Range-Request Binary Search Over Large Static Files
Sources: 1 • Confidence: High • Updated: 2026-04-13 03:43
Key takeaways
- The demo accepts either a single character or a hexadecimal Unicode codepoint and displays the intermediate steps of the binary search through the large file.
- HTTP range request techniques are not compatible with HTTP compression because compression breaks byte-offset calculations.
- A prototype was built from a phone as an experiment in using HTTP range requests.
- The tool was deployed at tools.simonwillison.net and queries a CORS-enabled 76.6MB file hosted in S3 and fronted by Cloudflare using range requests.
- The prototype searches a large file by performing a binary search implemented via HTTP range requests.
Sections
Range-Request Binary Search Over Large Static Files
- The demo accepts either a single character or a hexadecimal Unicode codepoint and displays the intermediate steps of the binary search through the large file.
- The prototype searches a large file by performing a binary search implemented via HTTP range requests.
- A proposed use case for the approach is looking up Unicode codepoint metadata across many megabytes of data.
- This range-request binary-search approach requires the underlying data to be naturally sorted for binary search to be beneficial.
Operational Constraints For Correctness (Compression, Cors, Cdn/Object Storage)

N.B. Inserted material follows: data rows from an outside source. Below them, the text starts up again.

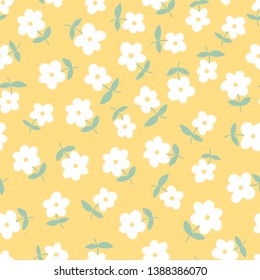 Seamless pattern with little white flowers on yellow background.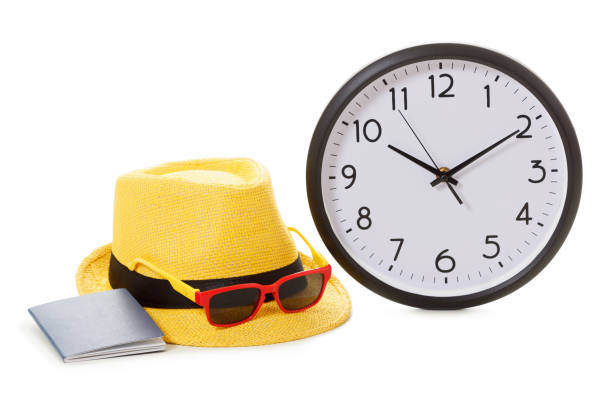 istock Vacancy concept. Clock, passport and sunglasses 874933464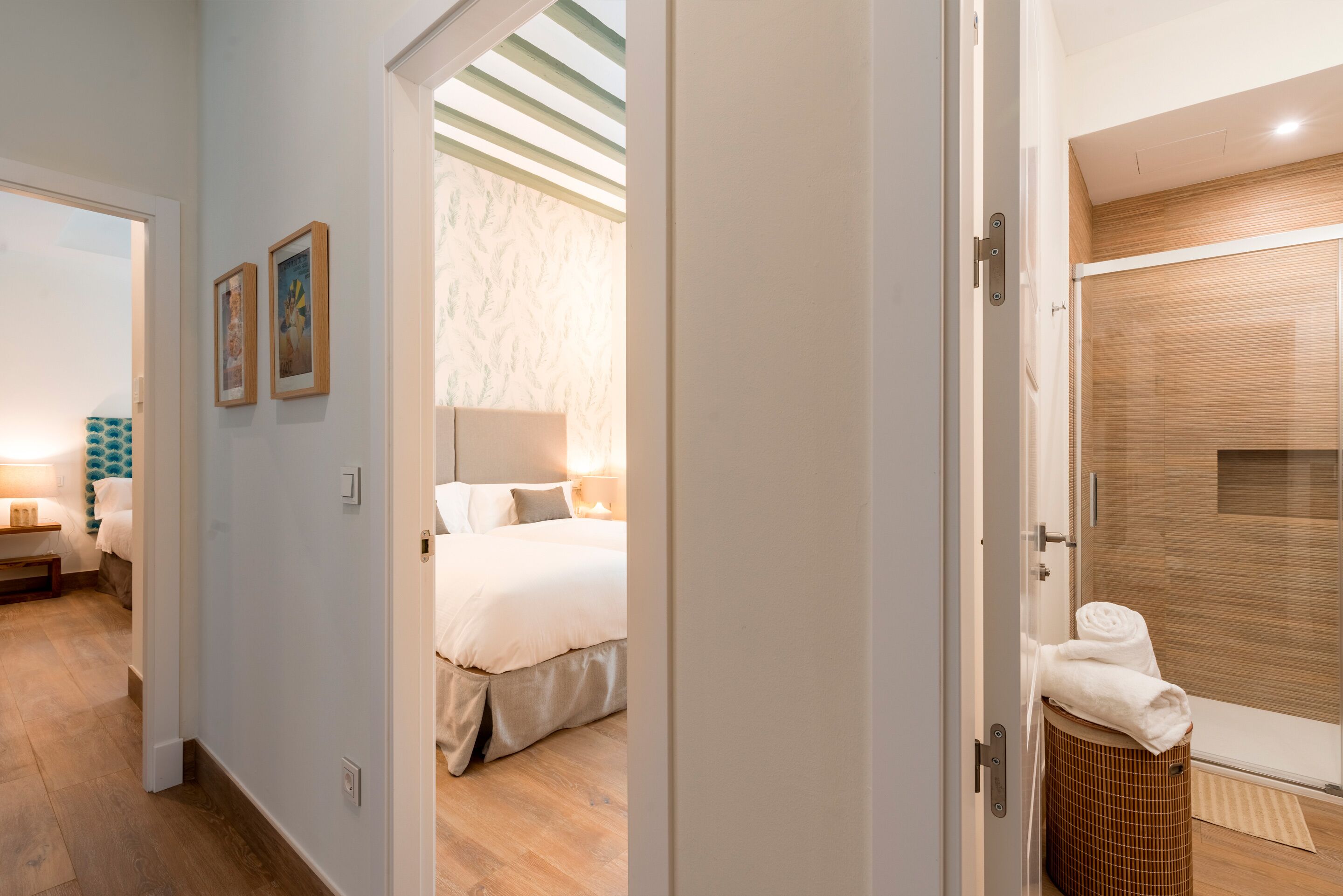 Una habitación de hotel con cama, baño con ducha y pasillo con puerta que da a otra habitación.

- HTTP range request techniques are not compatible with HTTP compression because compression breaks byte-offset calculations.
- The tool was deployed at tools.simonwillison.net and queries a CORS-enabled 76.6MB file hosted in S3 and fronted by Cloudflare using range requests.
Ai-Assisted Prototyping Workflow For Building Technical Demos
- A prototype was built from a phone as an experiment in using HTTP range requests.
- An AI-assisted workflow was used in which Claude generated a specification and Claude Code for web converted it into working code via an asynchronous research workflow.
Unknowns
- What are the observed latency and number of range requests per typical lookup for the deployed tool under realistic network conditions?
- What are the actual egress and CDN cost characteristics of this approach compared to downloading the full file or using an indexed API endpoint?
- How exactly is the compression constraint handled in the deployed setup, and is correctness verified across different clients and CDN paths?
- What file format and indexing strategy (if any) is used to ensure the dataset is sorted in a way that makes binary search correct and stable across updates?
- What is the error-handling behavior for partial-content failures (missing Range support, 416 responses, transient network errors) and how does the client recover?